Any image found in the entries is to be skipped; the rest is returned word for word.
Segment Start: Dataset extract
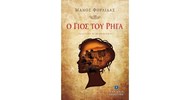 Ο ΓΙΟΣ ΤΟΥ ΡΗΓΑ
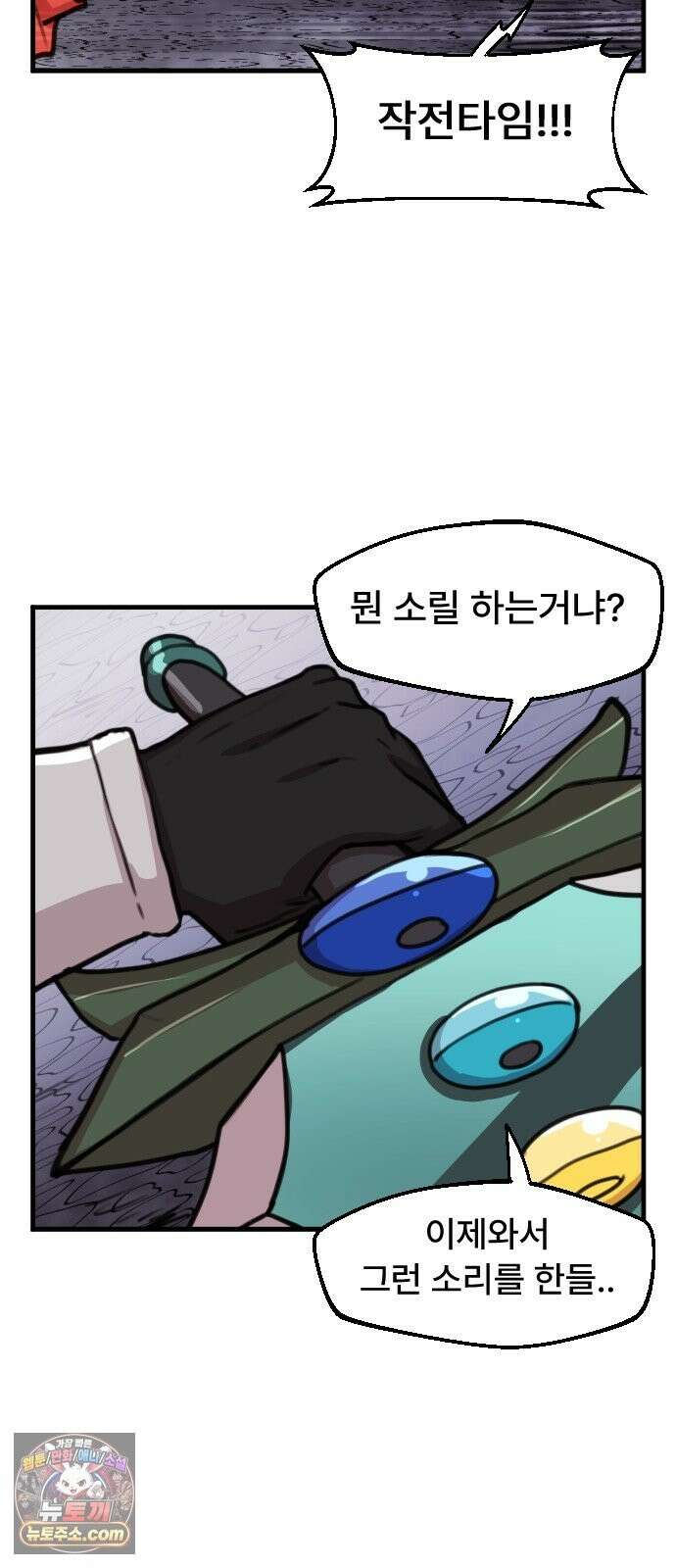 용사파티만화 122화 25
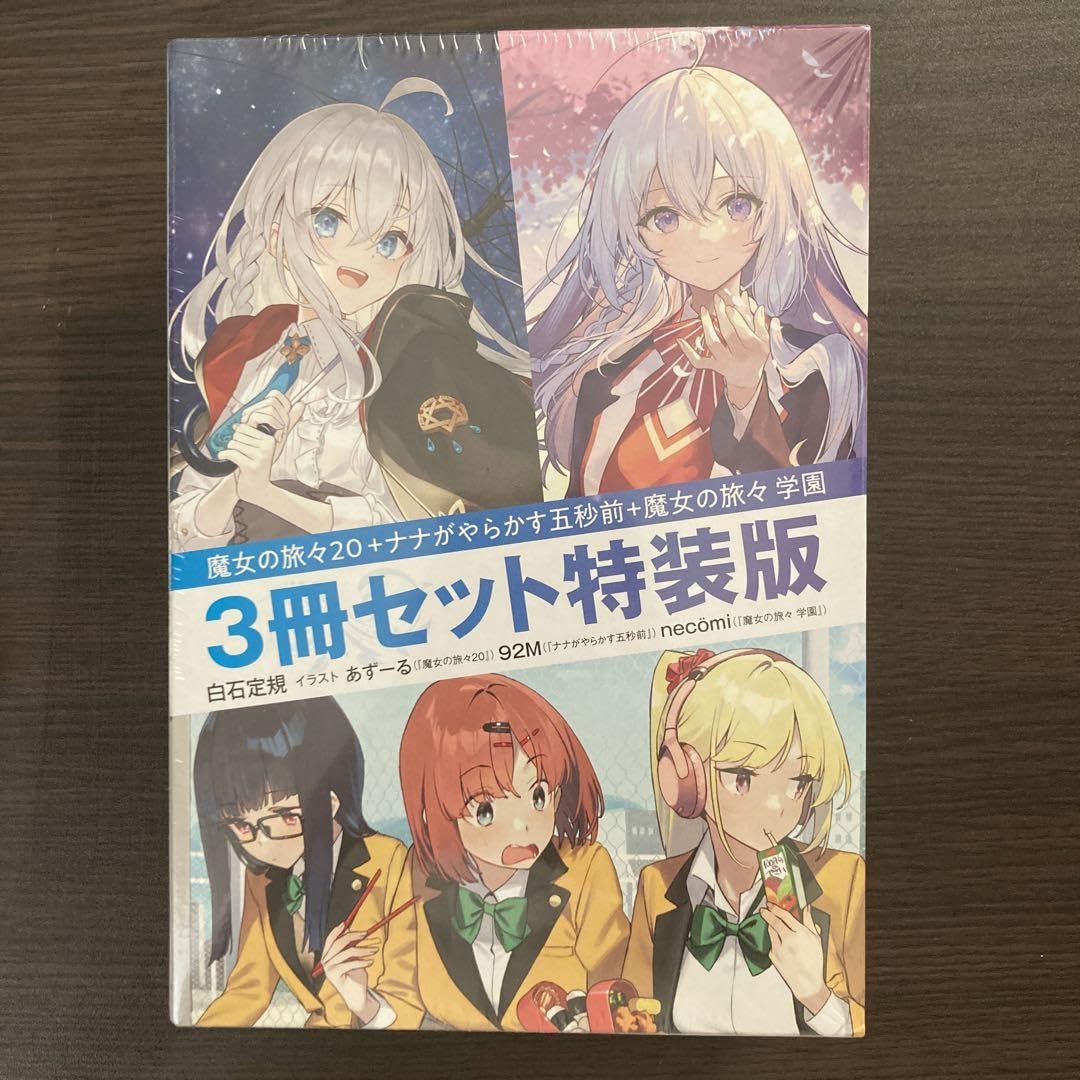 Amazon.co.jp: 魔女の旅々20+ナナがやらかす五秒前+魔女の旅々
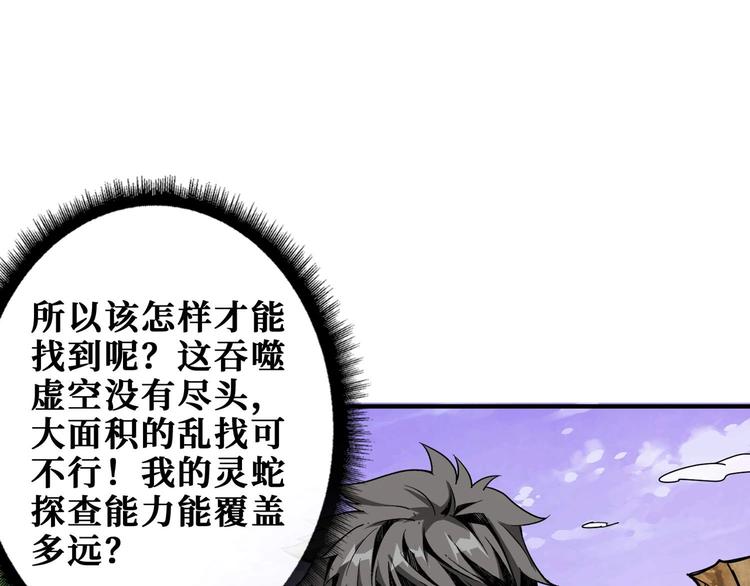 第177话 找寻嫦娥39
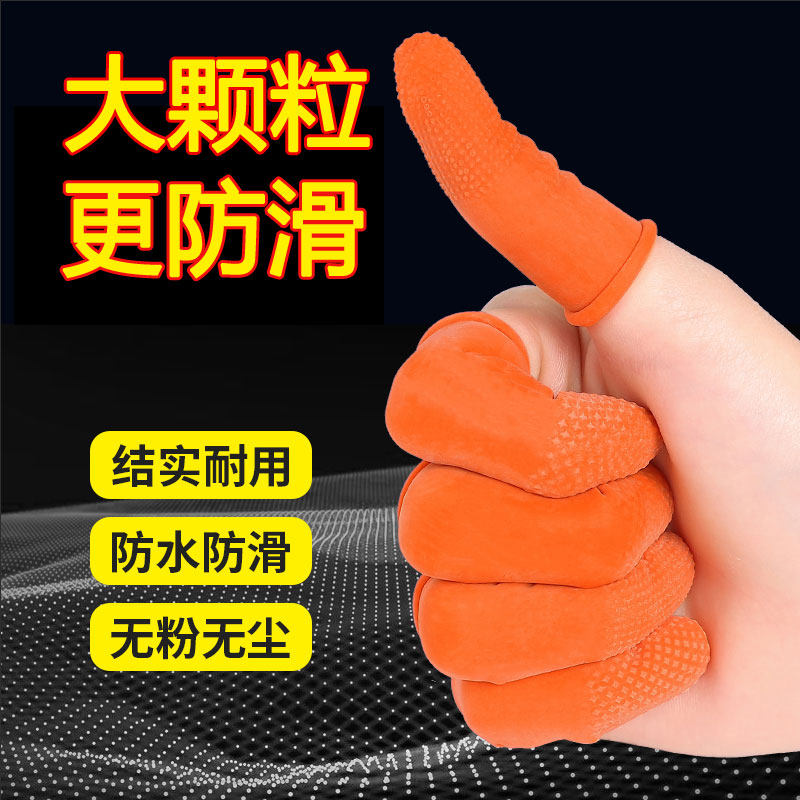 速发手指套护指加护耐磨防厚防滑硅套橡胶手指头受伤保护胶指甲套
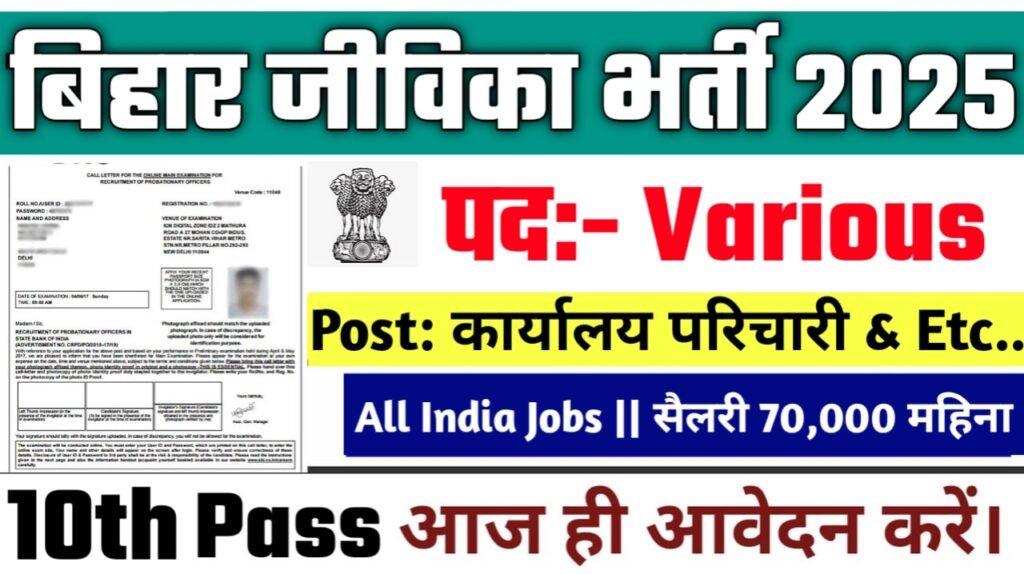 Bihar Jeevika Office Boy New Vacancy 2025- बिहार जीविका नई भर्ती कार्यालय परिचारी एवं अन्य पदों पर आवेदन शुरू
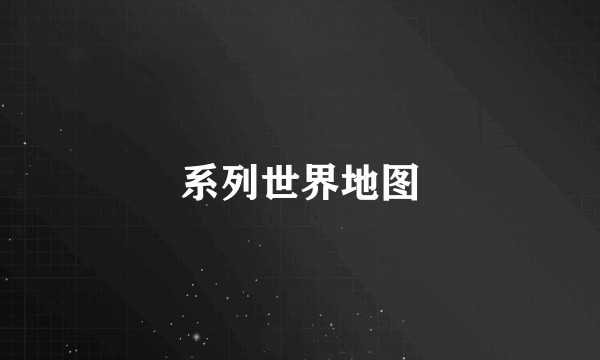 系列世界地图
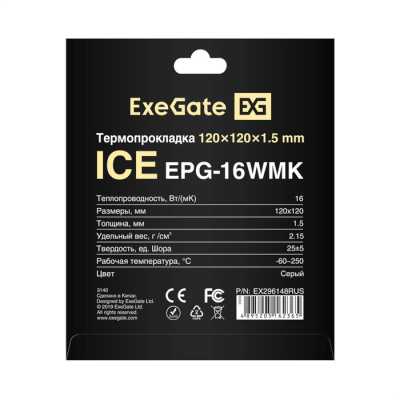 термопрокладка ExeGate EPG-16WMK EX296148RUS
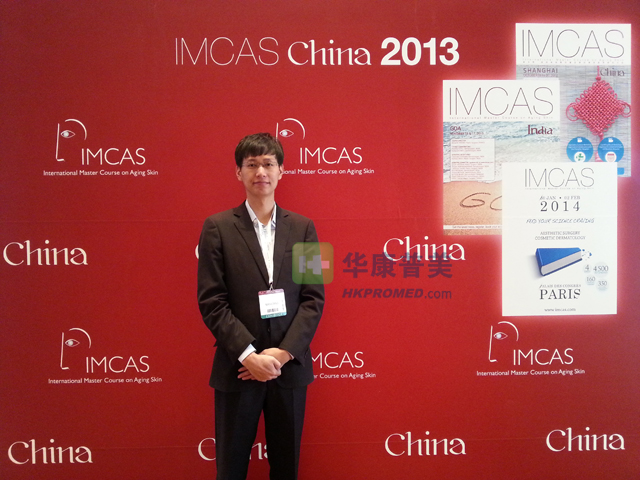 2013第二屆IMCAS英卡思皮膚科年度盛會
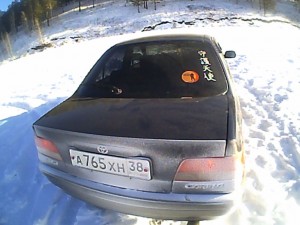 PICT0211.JPG
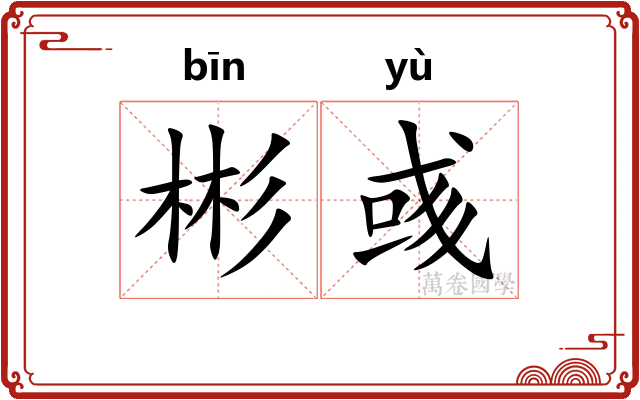 彬彧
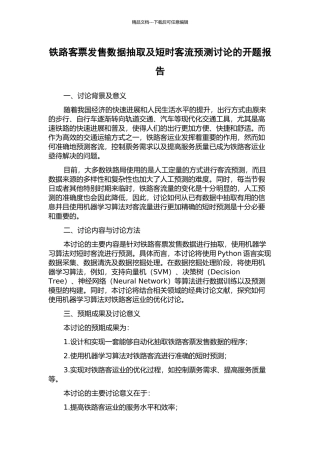 铁路客票发售数据抽取及短时客流预测研究的开题报告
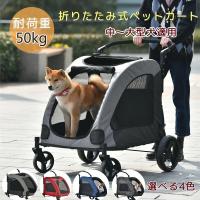 ペットカート 大型犬 折りたたみ 耐荷重50kg 折り畳み 軽量 飛び出し防止 収納簡単 多頭 中型犬 小型犬 猫 犬 軽量 組立簡単 工具不要 介護用 ドッグカート | Feliz lar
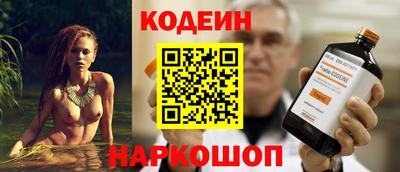 первитин Аргун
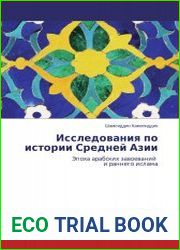 Исследования по истории Средней Азии. Эпоха арабских завоеваний и раннего ислама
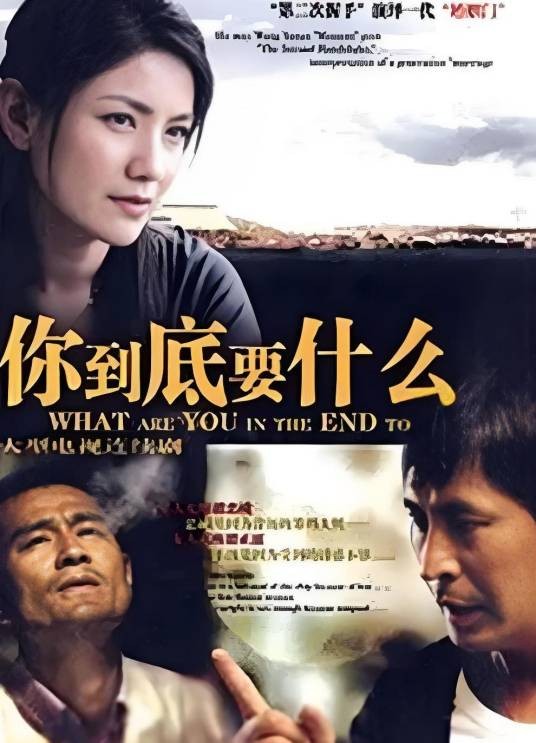 真情有多远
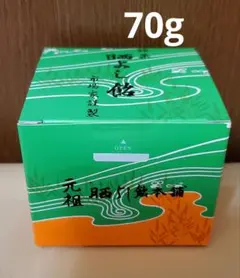 2026年最新】晒よし飴の人気アイテム - メルカリ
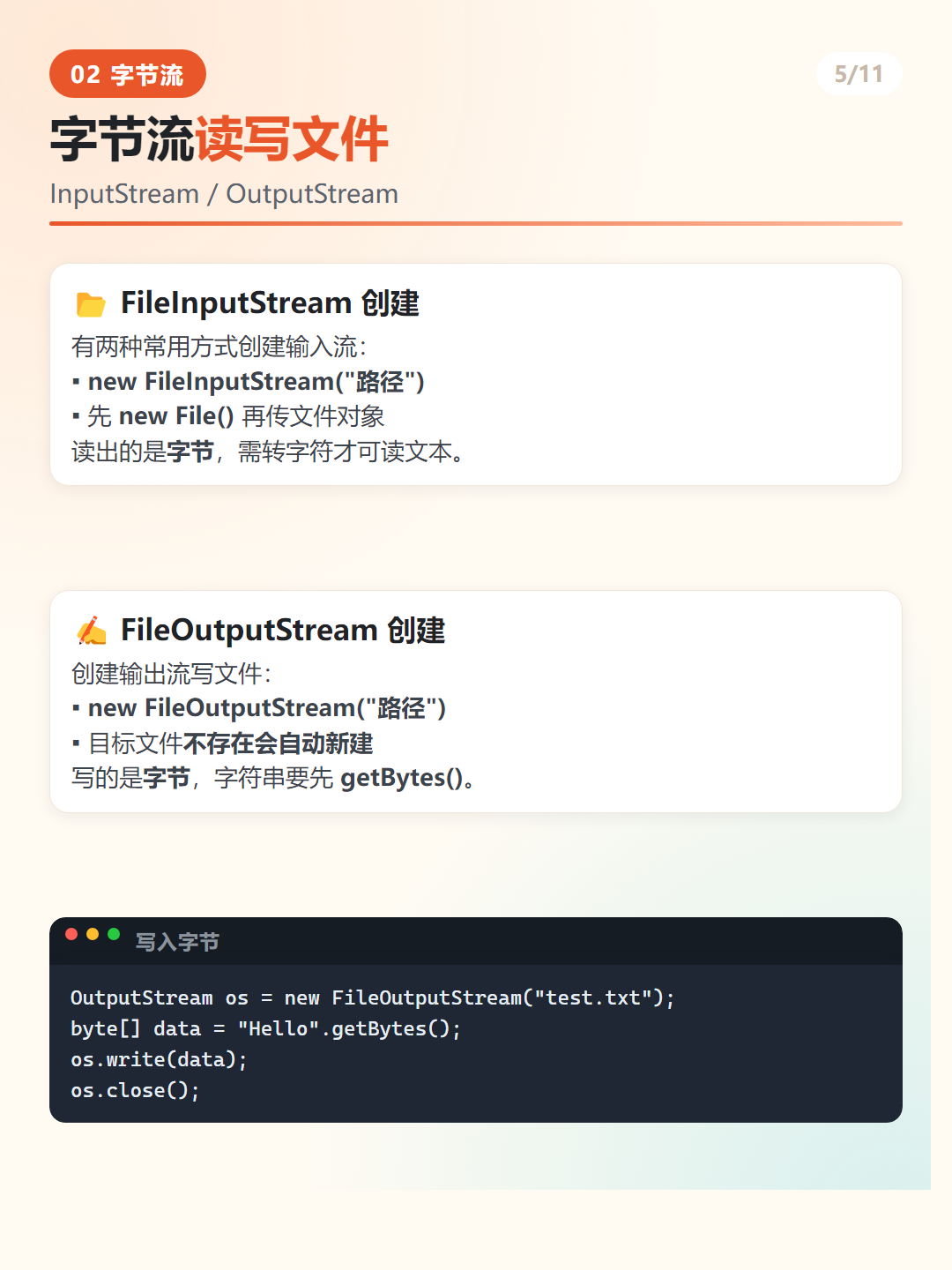 Java 字符流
Segment End: Dataset extract
§ **Answer for the task**
 Ο ΓΙΟΣ ΤΟΥ ΡΗΓΑ
 용사파티만화 122화 25
 Amazon.co.jp: 魔女の旅々20+ナナがやらかす五秒前+魔女の旅々
 第177话 找寻嫦娥39
 速发手指套护指加护耐磨防厚防滑硅套橡胶手指头受伤保护胶指甲套
 Bihar Jeevika Office Boy New Vacancy 2025- बिहार जीविका नई भर्ती कार्यालय परिचारी एवं अन्य पदों पर आवेदन शुरू
 系列世界地图
 термопрокладка ExeGate EPG-16WMK EX296148RUS
 2013第二屆IMCAS英卡思皮膚科年度盛會
 PICT0211.JPG
 彬彧
 铁路客票发售数据抽取及短时客流预测研究的开题报告
 ペットカート 大型犬 折りたたみ 耐荷重50kg 折り畳み 軽量 飛び出し防止 収納簡単 多頭 中型犬 小型犬 猫 犬 軽量 組立簡単 工具不要 介護用 ドッグカート | Feliz lar
 первитин Аргун
 Исследования по истории Средней Азии. Эпоха арабских завоеваний и раннего ислама
 真情有多远
 2026年最新】晒よし飴の人気アイテム - メルカリ
 Java 字符流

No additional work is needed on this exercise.